Plot the Mean Squared Error vs Iteration#
plt.figure(figsize=(8, 6))
plt.plot(mse_by_iter.index[::1000], mse_by_iter.values[::1000], marker='o')
plt.title("Mean Squared Error vs. Iteration")
plt.xlabel("Iteration")
plt.ylabel("MSE")
plt.grid(True)
plt.tight_layout()
plt.yscale("log")
plt.show()

Conclusion#
We have successfully trained a neural network to approximate the sine function. The neural network was implemented in Fortran using the Neural Fortran library. The data was written to a CSV file using the CSV Fortran library. The neural network predictions and mean squared error were plotted using Python.
As can be seen from the plot, the neural network was able to approximate the sine function quite well. The mean squared error decreased over time as the neural network was trained. This example demonstrates how neural networks can be used to approximate complex functions such as the sine function.

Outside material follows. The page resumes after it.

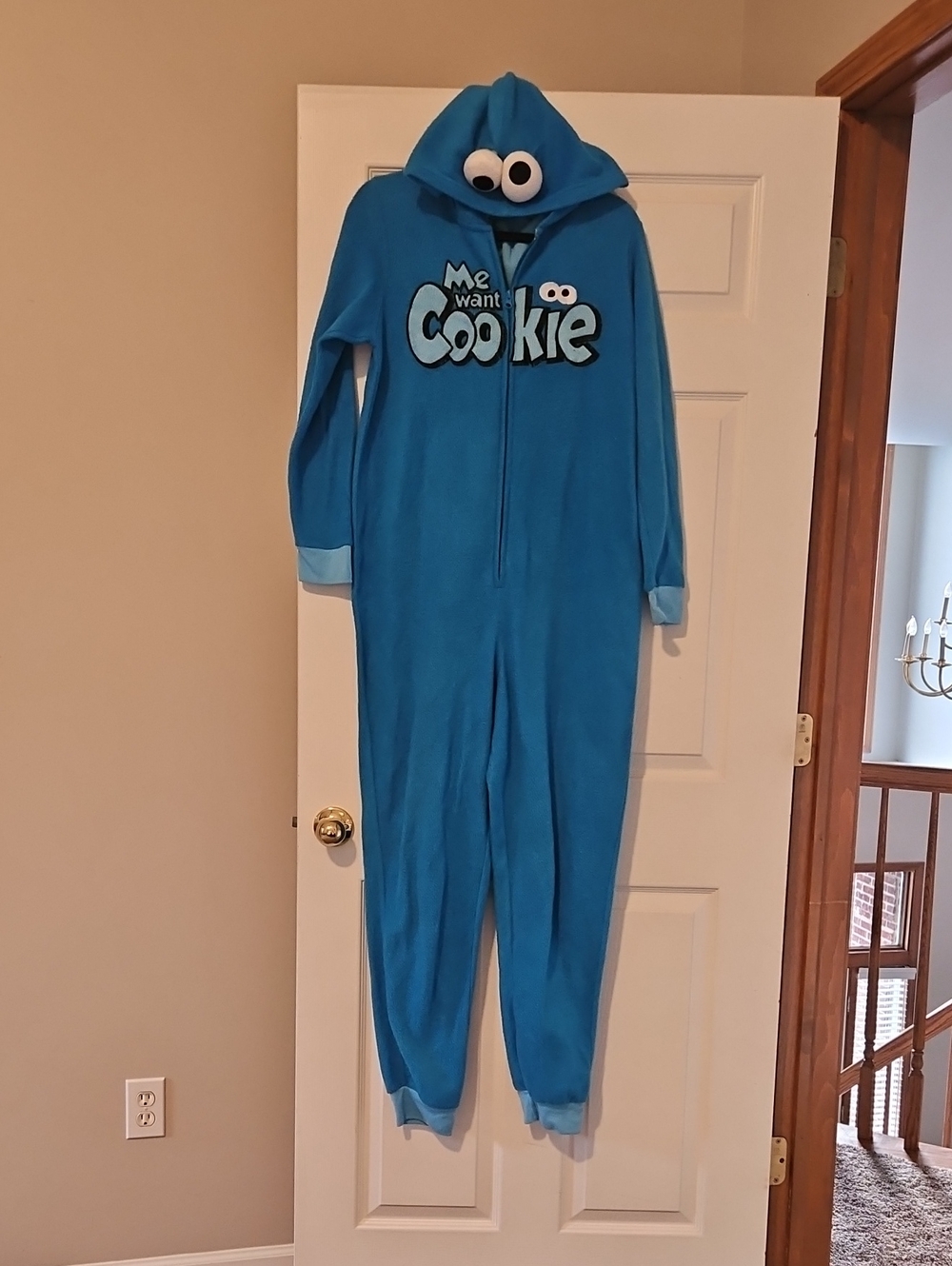 Cookie Monster Zipup Hooded Onesie With Eyes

As the iteration number reached 100,000, the neural network predictions closely matched the true sine wave function. The mean squared error decreased over time as the neural network was trained. This example demonstrates how neural networks can be used to approximate complex functions such as the sine function.
A great improvement on this code would be to implement the training loop using OpenMP. This would allow the training loop to be parallelized and run on multiple cores.